From the very beginning, Grit intended to give her stay in Malawi a specific meaning through volunteer work. After some unsuccessful enquiries with international
organisations and subsequent to a journey to Blantyre required for the railway project, she succeeded with the help of Guy Pickering, the owner of Nature's Gift
, and his partner Scott Gray.
In fact there are two villages extending
on both sides of the road: Canada Camp and Landscape. Both owe their existence to a good part to Nature's Gift
, with about 400 employees the most important employer.
The villagers live in simple huts made from air-dried bricks with thatched roofs. There is no electricity; water must be fetched from wells.
Laundry is done at the river, cooking on small fires burning with wood or shucked maize cobs.
village school operated until July 2010 was a „kindergarten school“, a combination of nursery and first and second class primary school. The school had been built by a
Canadian organisation as single-storey building with three classrooms and a small office. Three teachers were in charge of about 120 children,
out of this 10 thru 15 in the second and 40 in the first class.
Of course there was no electricity in the school, too, and water had to be lugged in buckets. This usually happened only once a week for the cleaning.
The toilette was operated “dryly”; in the nursery the kids often just discharged on the floor.
The parents payed minor school fees covering the personnel costs but no school materials not to talk about investments. The children could also visit a
government school at no charge that is further away.
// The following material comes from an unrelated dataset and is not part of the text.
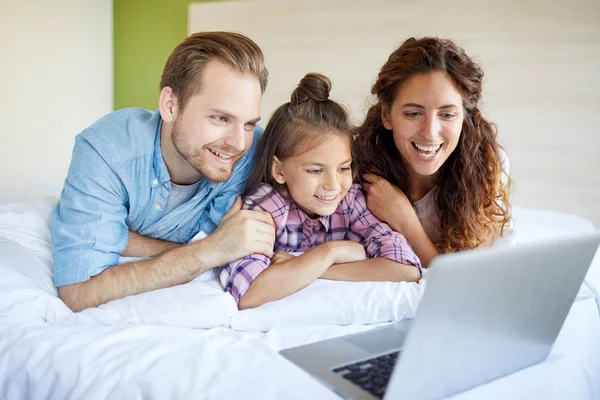 Pareja Joven Adorable Hija Tumbada Cama Frente Computadora Portátil Mientras — Foto de Stock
But in view of the ideal position within the village and the more individual care many parents preferred
“their” school in spite of the costs. The better part of children whose families could not afford the school fees did not attend a school at all.
On 16th February 2009 the moment finally came - Grit's first working day as volunteer teacher for English and Math. During the following days and weeks
a very close relationship to teachers and children emerged. Later, Yuli joined Grit at school during her somewhat shorter stay. Books and school materials procured by Grit and Yuli contributed to the efficiency - hitherto teacher
and children had shared one book. Plays, singing, painting lessons with paint boxes brought in from Germany and a school party provided relaxation and variety.
When Grit had to set off on her back journey on 1st May 2009 she was virtually part of the inventory, and it was a sad parting -
but it included the promise to return.
Grit fulfilled her promise. In January 2010
she disembarked again at Lilongwe - this time on her own and packed with children's wear outgrown by our grandchildren.
This time, Grit was the headmaster's guest and stayed in the village. All enjoyed seeing each other again, but there was
also sad news. For various reasons, the school could not be operated any more and had to close down in summer 2010.
the problem was extensively discussed with the Pickering family being close friends of us. There was no doubt
that the village still needs at least a kindergarten. But how? For the ground of the existing school another use is already planned -
but we have got enough land, said Guy Pickering. Bricks can be self-produced, other materials procured if not
available from the farm. But we need manpower being proactive what cannot be expected from the villagers -
and so finally the idea of volunteering emerged.